AUTHOR=Zongren Li , Silamu Wushouer , Shurui Feng , Guanghui Yan 

TITLE=Focal cross transformer: multi-view brain tumor segmentation model based on cross window and focal self-attention

JOURNAL=Frontiers in Neuroscience

VOLUME=Volume 17 - 2023

YEAR=2023

URL=https://www.frontiersin.org/journals/neuroscience/articles/10.3389/fnins.2023.1192867

DOI=10.3389/fnins.2023.1192867

ISSN=1662-453X

ABSTRACT=Recently, Transformer and its variants have been a great success in computer vision for image classification, object detection, and image segmentation, surpassing the performance of convolutional neural networks (CNN).The key to the success of Transformer is the acquisition of short-term and long-term visual dependencies through self-attention mechanisms, which can well learn global and remote semantic information interactions.However, it also brings challenges. The computational cost of the global self-attention mechanism increases quadratically, which hinders the application of Transformers in high-resolution images.

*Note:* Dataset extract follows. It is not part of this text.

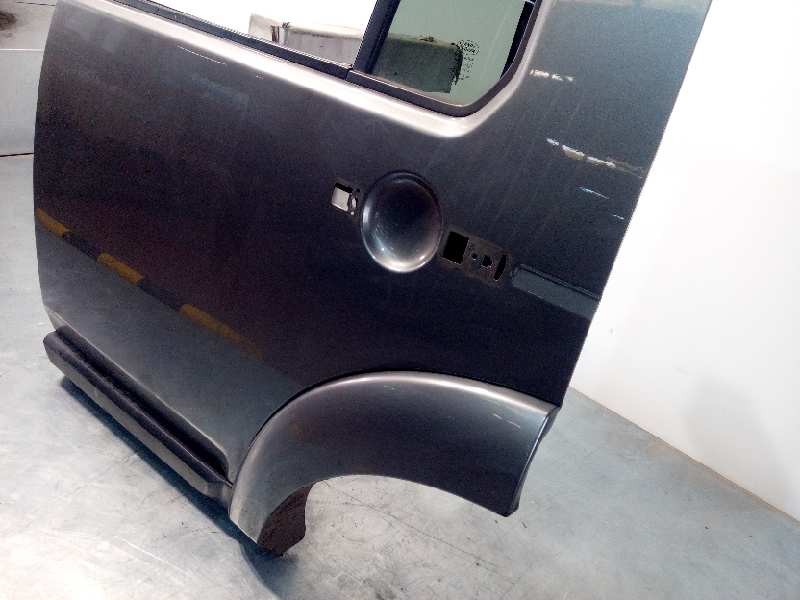 Recambio de puerta trasera izquierda para land rover discovery v6 td hse referencia OEM IAM BFA780190  
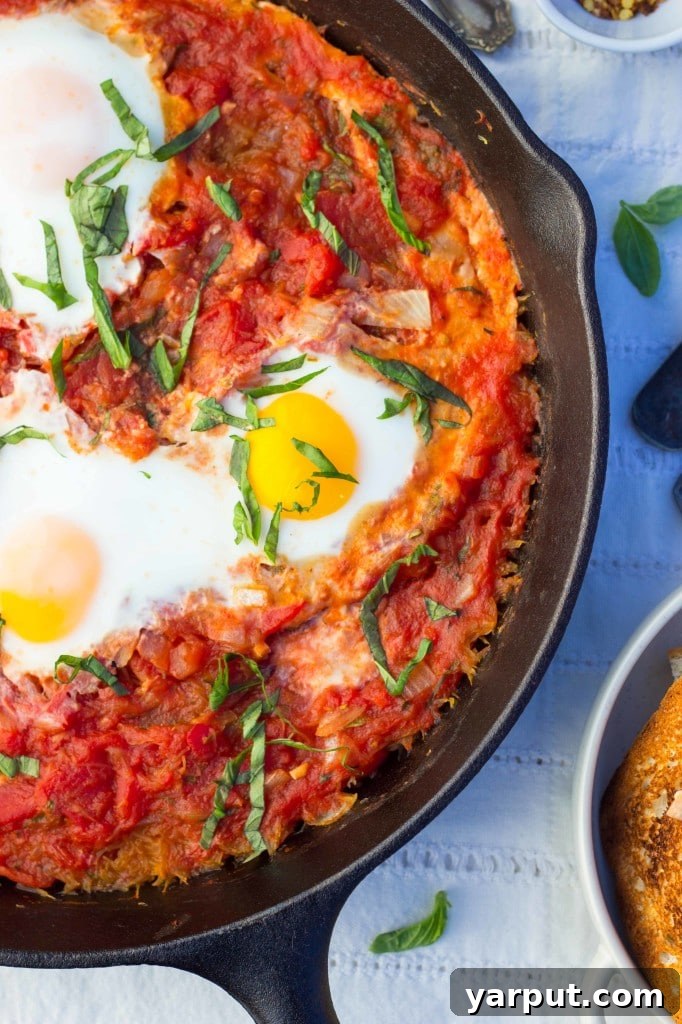 Inferno Eggs Over Squash Strands 7 Eggs In Purgatory With Spaghetti Squash-6911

Many researches try to use local Windows to limit the scope of self-attention learning, and exchange the information between local Windows by shift operation to obtain global information, which reduces the computational complexity and memory consumption to some extent, and improves the model performance. However, due to the slow expansion of receptive field, it needs to stack a large number of blocks to achieve global self-attention, which limits the model performance improvement. In view of this, we propose a multi-view brain tumor segmentation model based on Cross window and focal self-attention, which is a novel mechanism to enlarge receptive field by parallel Cross window and improve global dependence by using local fine-grained and global coarse-grained interactions. First, we increase the receptive field by parallelizing the self-attention of horizontal and vertical fringes in the Cross window, thus achieving strong modeling capability while limiting the computational cost. Secondly, the focus self-attention of local fine-grained and global coarse-grained enables the model to capture short-term and long-term visual dependencies efficiently. Experiments on Brats2019 and Brats2021 data sets prove that our model has achieved excellent performance while limiting computational cost.